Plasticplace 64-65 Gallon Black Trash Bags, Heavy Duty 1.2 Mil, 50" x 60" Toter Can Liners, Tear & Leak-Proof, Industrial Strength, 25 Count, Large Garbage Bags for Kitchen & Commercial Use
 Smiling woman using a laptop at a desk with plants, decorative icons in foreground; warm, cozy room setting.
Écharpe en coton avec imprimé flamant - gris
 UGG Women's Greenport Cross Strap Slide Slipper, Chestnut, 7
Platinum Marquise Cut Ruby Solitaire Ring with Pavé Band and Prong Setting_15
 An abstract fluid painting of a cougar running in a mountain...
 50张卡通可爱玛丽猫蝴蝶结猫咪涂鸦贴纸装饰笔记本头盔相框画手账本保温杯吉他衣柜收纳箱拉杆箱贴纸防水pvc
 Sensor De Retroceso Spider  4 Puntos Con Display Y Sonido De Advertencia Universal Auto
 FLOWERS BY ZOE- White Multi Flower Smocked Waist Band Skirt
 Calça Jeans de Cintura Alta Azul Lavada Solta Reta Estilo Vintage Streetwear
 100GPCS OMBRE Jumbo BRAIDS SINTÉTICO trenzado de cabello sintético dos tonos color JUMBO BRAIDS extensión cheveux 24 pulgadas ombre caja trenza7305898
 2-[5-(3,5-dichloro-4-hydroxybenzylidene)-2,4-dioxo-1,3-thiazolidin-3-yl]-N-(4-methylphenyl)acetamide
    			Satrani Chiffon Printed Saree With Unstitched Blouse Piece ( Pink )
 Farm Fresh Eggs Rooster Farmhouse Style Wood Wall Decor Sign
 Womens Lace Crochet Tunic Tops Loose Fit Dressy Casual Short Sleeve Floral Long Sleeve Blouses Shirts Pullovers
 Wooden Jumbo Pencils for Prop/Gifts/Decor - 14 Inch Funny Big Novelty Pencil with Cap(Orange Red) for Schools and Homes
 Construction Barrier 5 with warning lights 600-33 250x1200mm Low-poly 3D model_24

Task prompt →
Output, unchanged, the lines from the line with "Farm Fresh Eggs" through the final line of the material.

Exercise response →
 Farm Fresh Eggs Rooster Farmhouse Style Wood Wall Decor Sign
 Womens Lace Crochet Tunic Tops Loose Fit Dressy Casual Short Sleeve Floral Long Sleeve Blouses Shirts Pullovers
 Wooden Jumbo Pencils for Prop/Gifts/Decor - 14 Inch Funny Big Novelty Pencil with Cap(Orange Red) for Schools and Homes
 Construction Barrier 5 with warning lights 600-33 250x1200mm Low-poly 3D model_24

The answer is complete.